Soil-profile permeability compilations (down to ~60 inches [~1.5 m]) from the Soil Conservation Service county soil-survey reports are depicted in fig. 14. The higher permeability, and therefore higher infiltration, regions are clearly indicated. The individual soil permeabilities for all soil-profile depths and all soils composing a soil association were proportionally averaged. This hydraulic conductivity map should be interpreted cautiously because of the averaging procedure. Thus, for example, a low-permeability layer in the soil profile will control vertical water movement despite the presence of highly permeable layers above and below. Also, an average value of each soil series is used irrespective of its areal or depth location within the soil profile.
Figure 14--Soil hydraulic-conductivity map of Rattlesnake watershed.
The climate of the Rattlesnake drainage watershed is characterized by low precipitation, rapid evaporation, and a wide range of temperatures. The mean annual precipitation ranges from approximately 20 inches (50 cm) in Ford County to 26 inches (65 cm) in Rice County. The "effective" precipitation is considerably less than the average annual rainfall (Brown, 1973). A number of light showers occur, and much of this moisture evaporates from the soil with little or no benefit to growing crops. At the other extreme, occasional heavy downpours in spring, summer, and fall cause appreciable runoff from cultivated fields.
Lack of moisture is the most frequent limiting factor in the production of crops on dryland farms in the watershed. Summer fallowing, which minimizes the effects of deficient rainfall, is a common practice. Significantly, approximately 75% of the precipitation falls during the growing season of April through September.
Two regional climate controls, the Rocky Mountains and the Gulf of Mexico, contribute to the precipitation pattern in the watershed. The Rocky Mountains are effective in producing a "rain shadow" over western Kansas. The Gulf of Mexico is the principal source of moisture for precipitation in the area. Most of the total annual precipitation comes from convective shower activity (Bark, 1978). Thunderstorms move across the watershed usually in the evening or at night. Rainfall is most common from 7:00 p.m. to 3:00 a.m. Forty percent of the hours that have rainfall during the 24-hr day occur between midnight and 6:00 a.m. Only 35% of the hours with rainfall occur during the peak outdoor work period of 6:00 a.m. to 6:00 p.m. (Bark, 1978).
Winters, although cold, are generally not severe, and snowfall is light with less than 20 inches (50 cm) of total snowfall over the winter months (October to March). The mean annual temperature is approximately 55°F (13°C) in the watershed and ranges from winter lows of below -10°F (-23°C) to summer highs above 105°F (41°C).

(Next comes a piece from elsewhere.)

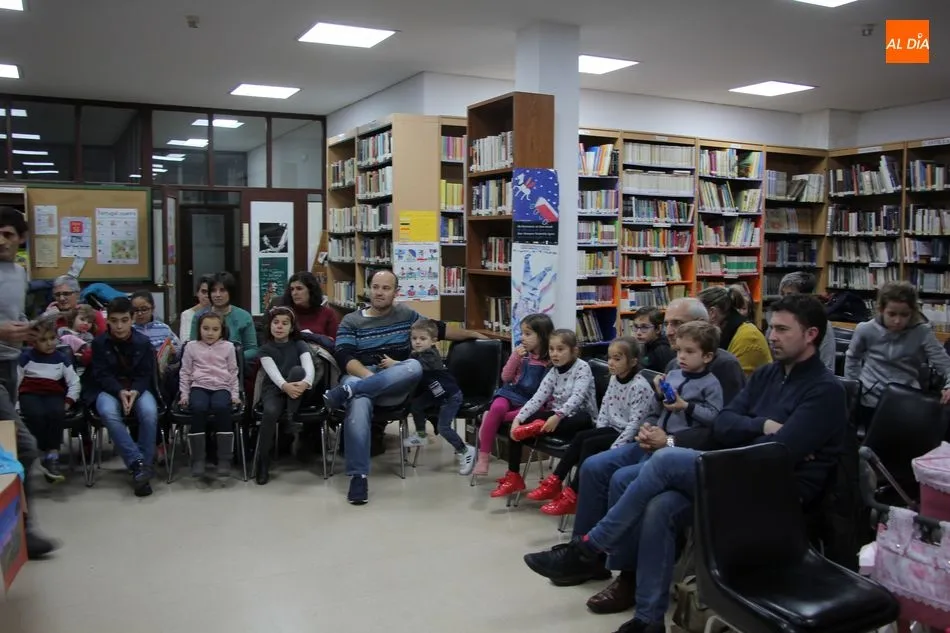Foto 10 - Pilar Salazar presenta el cuento &lsquo;La Encina y los Ratones de Orejas Coloradas&rsquo; en Vitigudino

Summer humidity in the region usually is low and annual surface-water evaporation ranges from 50 to 85 inches (125-213 cm) with an average of approximately 60 inches (150 cm). Wind velocities are commonly high, averaging from 12 to 15 mi (19-24 km) per hour. The months of March through June are the windiest months. Occasionally high winter-wind velocities, accompanied by a typical snowfall deposition, may produce blizzard conditions.

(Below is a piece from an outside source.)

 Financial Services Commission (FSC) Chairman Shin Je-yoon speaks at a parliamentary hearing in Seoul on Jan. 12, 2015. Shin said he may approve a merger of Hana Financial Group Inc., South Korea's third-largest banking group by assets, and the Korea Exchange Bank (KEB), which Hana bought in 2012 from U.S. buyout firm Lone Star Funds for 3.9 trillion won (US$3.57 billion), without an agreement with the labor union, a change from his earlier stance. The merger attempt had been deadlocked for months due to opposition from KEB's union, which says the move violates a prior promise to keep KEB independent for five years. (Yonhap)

Drought conditions have prevailed in the watershed for extensive periods of time. Perhaps the most extensive and notable period was the "Dirty Thirties," when very low amounts of annual rainfall were received and high winds created a multitude of dust storms. Drought periods of three to four years duration are typical in the watershed (Ray and Coslett, 1972), and perhaps one of the most severe recent droughts occurred from 1964 to 1967. During 1966, only 14.00 inches (35.56 cm; 6.88 inches [17.47 cm] below normal) were received in Bucklin, 13.46 inches (34.19 cm) in Greensburg (8.47 inches [21.51 cm] below normal), 17.32 inches (43.99 cm) at Hudson (6.77 inches [17.20 cm] below normal), and at Trousdale, in Edwards County, a new record low of 9.29 inches (23.60 cm; 12.92 inches [32.81 cm] below normal) was recorded.